Part Number: TLC5947

Have a few TLC5947 off the shelf boards with the same circuitry as he Adafruit to kick off work with the TLC5947. These boards have a header on each side where all signal (Vdd, Gnd, Latch, clk) are connected together except for Data In/Out of-course, blank is pulled down with an R to ground. These board have an onboard regulator of 5V to the TLC5947 while the connected input voltage is directly supplied to the LED outputs. Interestingly, the boards work when supplied with 3.3 or 5V as well.  An RPI 3 is used to control the board using bit-bang I/O and the boards are fed with an exterrnal power supply (78xx regulators) independently from the RPI,  RPI and the boards share a common ground. The R is set for 15mA CC.

When the boards are in parallel (all boards get Data In from the same wire form RPI) this works all well and stable at 3.3, 5V and 9V input voltages. For all transactions, all lights all have the same color repeatedly tested in a loop for several hours for many different colors settings.

In cascading (serial) changing the DATA Out to from one to another board's DIN,it  works fine and stable as well for hours at 3.3V. However changing the voltage to 5V or 9V to the board, all LED outputs immediately shut down (no LED signal). This happens already with 2 boards and currently using 3 LEDs per board. when removing the DIO to DIN wire, the first board  continues to work normally. Swapping the boards has the same effect. Lowering down the clock speed to very slow frequency has no effect either.

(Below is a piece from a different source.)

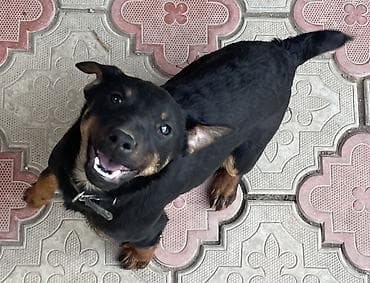 Ветеринар кызматы: Ягдтерьер, 5 айлык, Ургаачы, Эмделген — 1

It does not look like this is related parasitic capacitance . Somehow connecting anything to DIO causes this problem. Is there something in particular to consider when cascading ?

  • Hi,

    Could you help to share the schematic with me? You mentioned that here is an onboard regulator of 5V for TLC5947. This regulator supply for both VCC and VLED? 

  • Hi,

    the schematic is in this document:. The regulator is for the TLC5947 only,  VIN is directly connected to the LEDs V+ outputs and  the regulator input. Testing this a bit more I am concerned if this is a ground loop issue using multiple boards. The boards  just have a GND pin and connecting more boards may be an issue (?)   Experimented with the ground wiring a bit and could get it to run at 5V once with the external psup. I am going to test this further with a simple MCU controller (using basic bit bagingt ) instead of the RPI  Writing some code for this now. Perhaps it wasn't a good idea using  these boards for a cascaded situation but hoped to use  them as a quick evaluation of the design. cdn-learn.adafruit.com/.../tlc5947-tlc59711-pwm-led-driver-breakout.pdf

  • Hi,

    Sorry that we also did not try using discrete boards for a cascaded structure before. Based your description, GND loop may be a problem. Could you measure the VCC/GND/VIREF voltage of TLC5947 in 2nd board and also capture the SIN/SCLK/XLAT/BLANK to see if control signal is right?

  • Hi

    I do not have a scope on hand right now. The Vcc is 3.3V on the TLC5947 (output of the regulator). I ported the code from RPI to a small micro-controller with 4 boards in cascade now on an soldered experiment board instead of a breadboard before. All LEDS work now in cascade and do not shutdown. Though, it was only error free at 3.3V Vin to the boards and LED anode. With 5V to the boards and to the anode of the LEDS was very unstable  (often wrong LEDs on/off, most on 4th  and sometimes on on 3rd board) . After moving the CLK and DATA lines away and changing the way  GND was connected from power and the MCU board,  it became much better, about 1 error in 10 transactions. With 9V to the boards and anodes all the light colors were very bright and constantly wrong on all  the boards.  A solder wired board is not ideal but have not had much issues. with other SPI chips such as SPI LCDs, sensors' and many others. The CLK and DATA lines seem extremely sensitive, just touching with them with hand and it all goes wrong. at 5  (3.3V is ok)  Perhaps need to shield the wires or some form of signal conditioning.  For my design I cannot permit one error as it would immediately cause a poor user experience. Here is a high level diagram of the setup.  Note that blank is internally pulled down on the board itself. @3.3 one error in ~100 transactions, @5.5 1 error in 20 transactions  @9V,  all transactions wrong outputs. Powering the LED anodes and boards from separate regulators (but common ground) give the same result.

  • Hi,

    I think the drive capability of SOUT may not strong enough to exclude parasitic parameters and noise caused by distributed boards. The transmit signal may be not established well. Do you have any logic buffer IC in hand can be connected between two boards?

  • Hi

    Thanks, I was afraid of that. I will try that but it may take me a few days to get to that. I also will add a 10uF cap on the board and use a ground shielded connected cable for CLK and DAT.  Vref = 1.19V at 3.3, 5 and 9V input voltages on all boards.. Vcc pin on tthe TLC5947 is 3.0V @ 3.3V input and 4.7@ 5V and 9V input.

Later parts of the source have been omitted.